P-values can indicate whether or not the null hypothesis should be rejected; however, p-values alone are not enough to show the relative size differences between groups. Therefore, both the statistical significance and the effect size should be reported when discussing the results of a study.

For example, suppose the sample size in our clinical trials was very large, maybe 1,000, and we found the p-value to be .035. The difference between the two drugs is statistically significant because the p-value was less than .05. However, if we looked at the difference in the actual times the drugs were effective, we might find that the new drug lasted only 2 minutes longer than the standard drug. Large sample sizes generally show even very small differences to be significant. We would need this information to make any recommendations based on the results of the trial.

Statistical significance, or p-values, are dependent on both sample size and effect size. Therefore, they all need to be reported for readers to clearly understand the results.

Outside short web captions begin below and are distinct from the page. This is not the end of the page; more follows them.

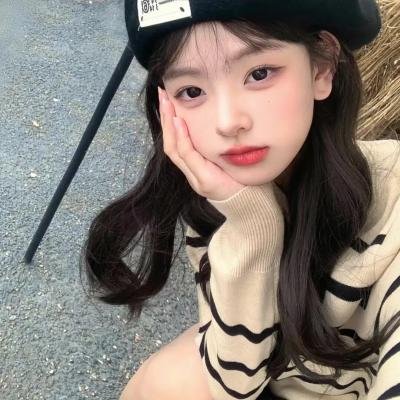 鬼眼开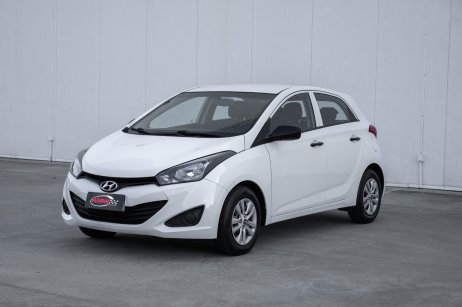 Hyundai  foto 1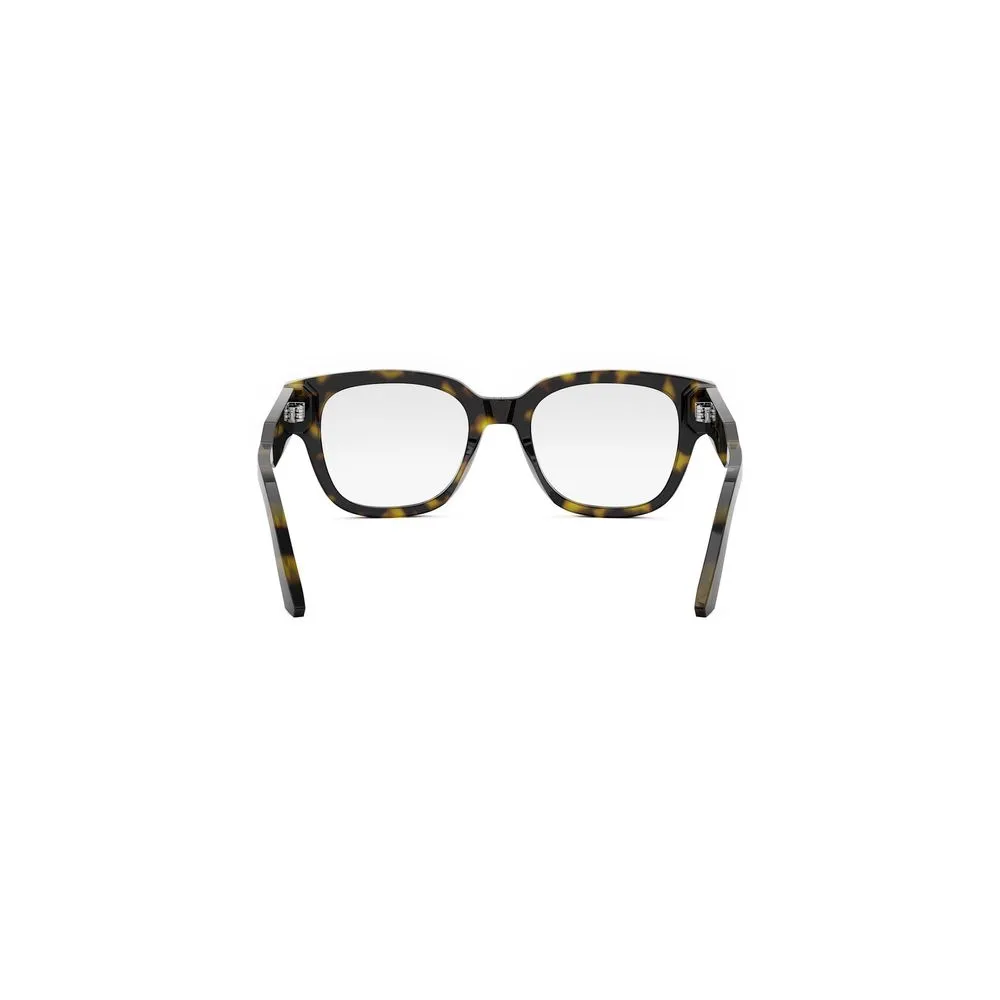 DiorSignatureO S6I sold by Otticanet product image thumbnail 5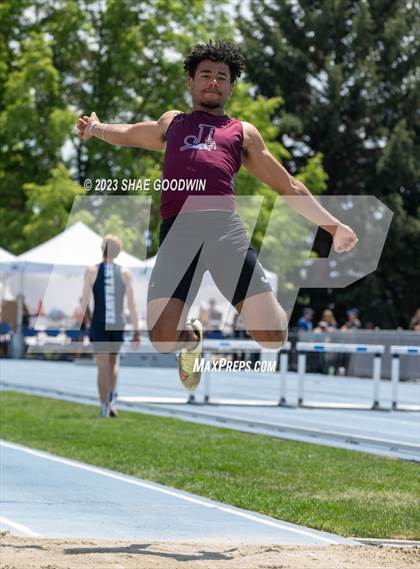 Thumbnail 3 in UHSAA Finals photogallery.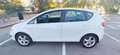 SEAT Altea 1.6TDI CR Copa Style E-eco. S&S - thumbnail 7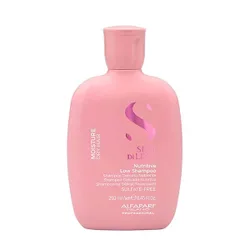 ALFAPARF ChampÃº Nutritivo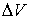 5.gif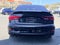 2017 Audi S3 2.0T Premium Plus quattro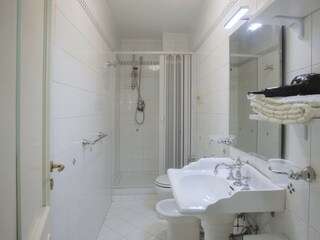 Casa per le vacanze Neapel Caratteristiche 17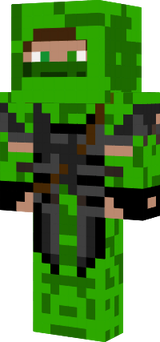itoo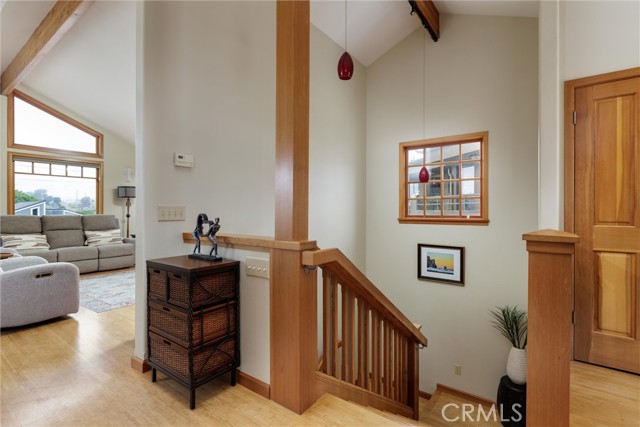 Detail Gallery Image 22 of 35 For 34 17th St, Cayucos,  CA 93430 - 2 Beds | 2/1 Baths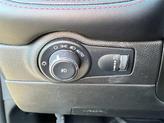Thumbnail of 2023 DB Black Clearcoat Dodge Durango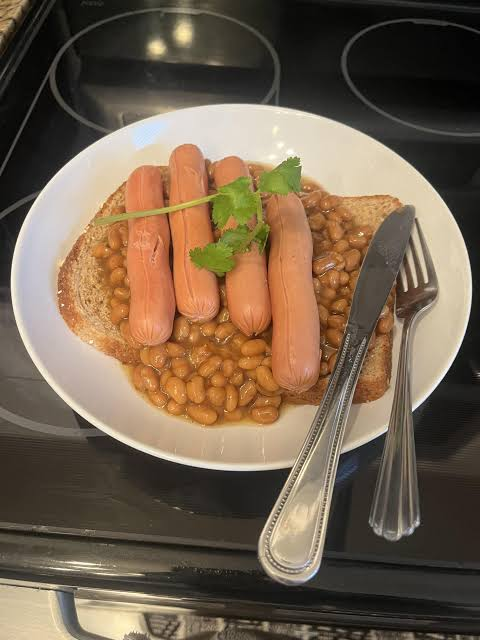 gentlemenfood31's tweet photo. prehevilian cusine is unparelleled https://t.co/OtoslO6ajG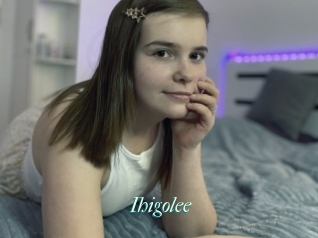 Ihigolee
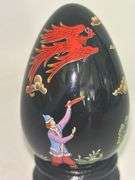 Collectible Eggs
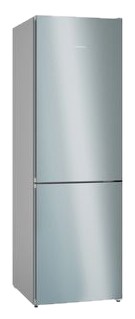 Siemens iQ300 KG36N2ICF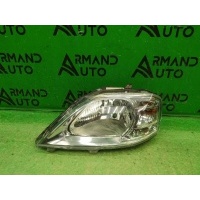 Фара RENAULT LOGAN 2004-2009 8200744753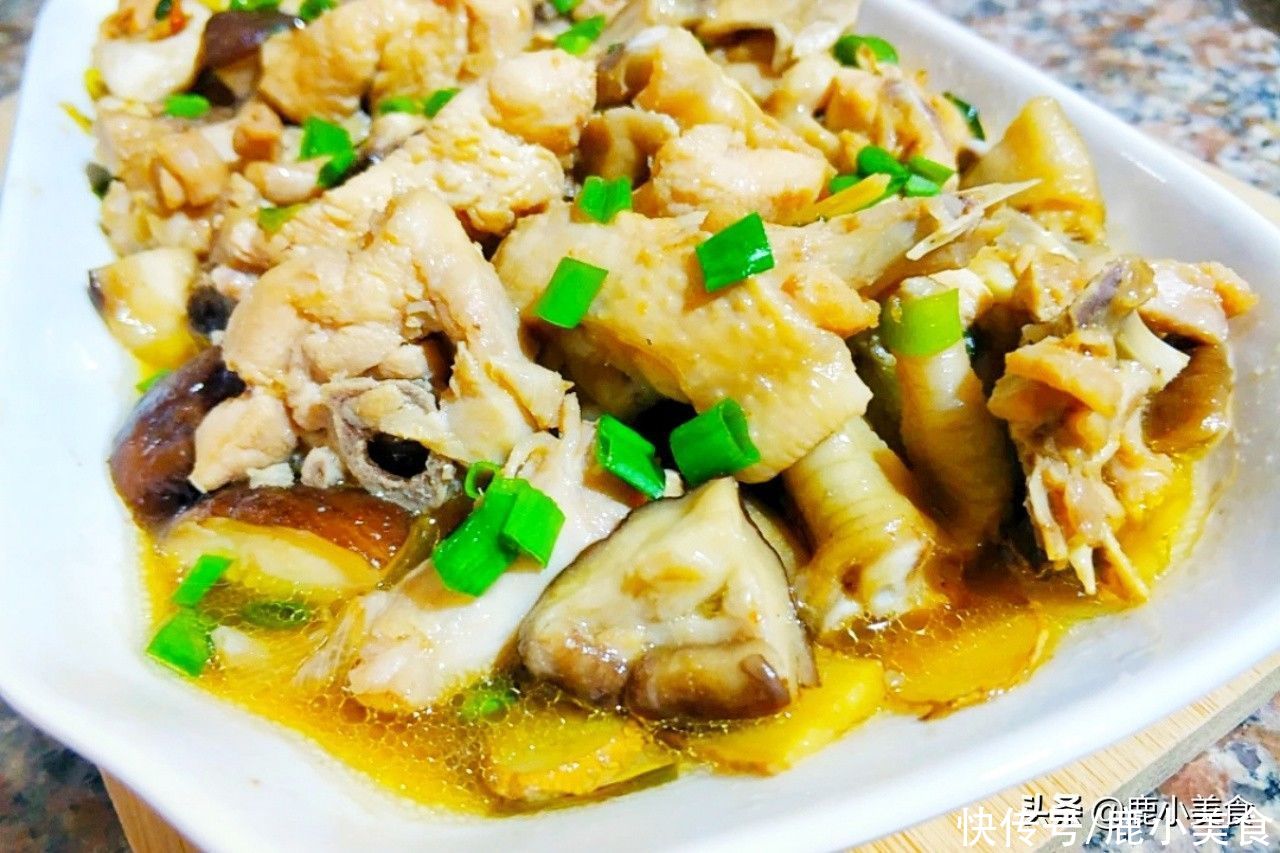 健康度夏|三伏天，吃肉都不能大意！少吃1肉多吃4肉，顺应而食，健康度夏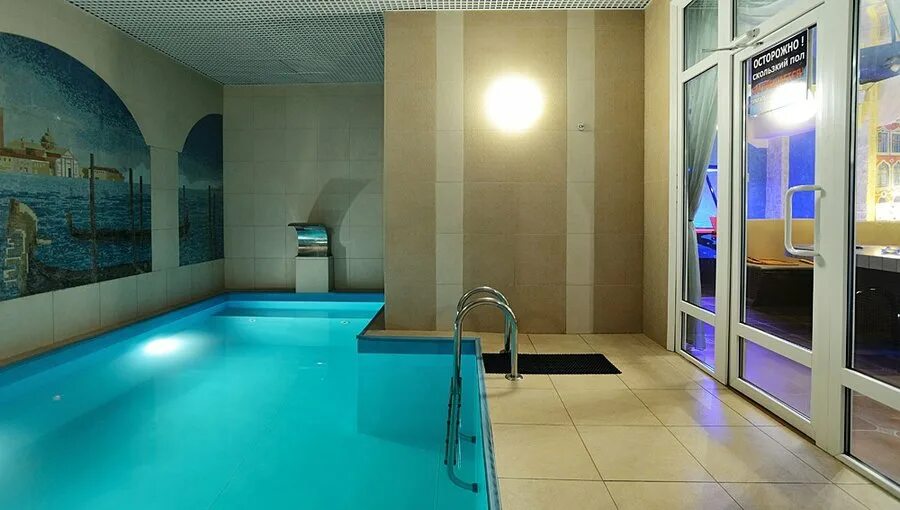 Сауны девятый вал москва. Банный комплекс девятый вал на коломенской. 9 вал сауна коломенская. Сауна коломенский проезд. Сауна 9 вал камбоджа.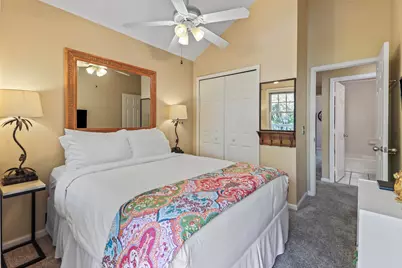 11 Kestral Way, Key West, FL 33040 - Photo 24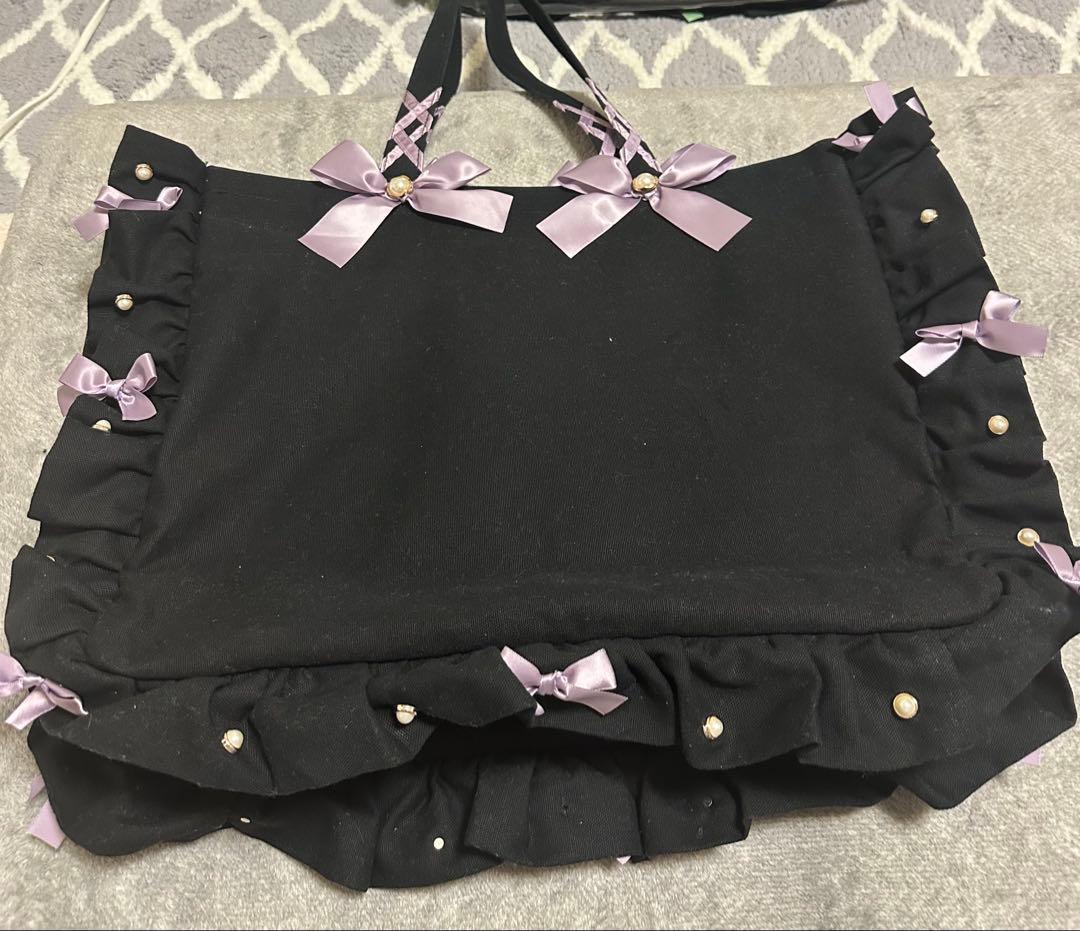 あんスタ イベコレ缶 風早巽 クライベ 缶バッジ 70点 痛バ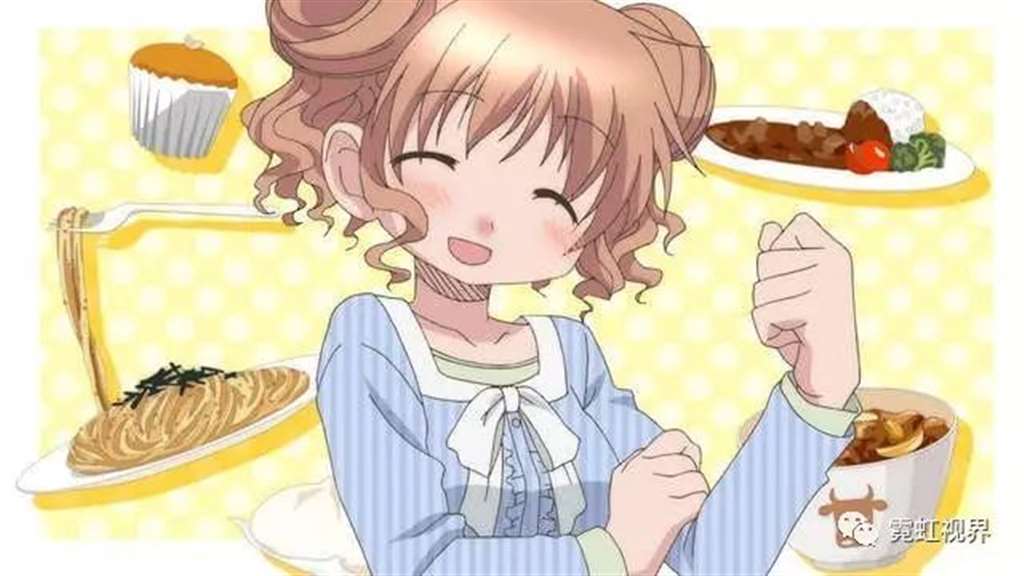 机机对机机30分钟视频系列动漫本子推荐!真的很裸露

**Things to consider while using p-values **

P-values are very useful tools for researchers. However, much care must be taken to avoid treating them as black and white indicators of a study’s results or misusing them. Here are a few other things to consider when using p-values:

- When using p-values in your research report, it’s a good idea to pay attention to your target journal’s guidelines on formatting. Typically, p-values are written without a leading zero. For example, write
*p*= .01 instead of*p*= 0.01. Also, p-values, like all other variables, are usually italicized, and spaces are included on both sides of the equal sign. - The significance threshold needs to be set prior to the experiment being conducted. Setting the significance level after looking at the data to ensure a positive result is considered unethical.
- P-values have nothing to say about the alternative hypothesis. If your results indicate that the null hypothesis should be rejected, it does not mean that you accept the alternative hypothesis.
- P-values never prove anything. All they can do is provide evidence to support rejecting or not rejecting the null hypothesis. Statistics are extremely non-committal.
- “Nonsignificant” is the opposite of significant. Never report that the results were “insignificant.”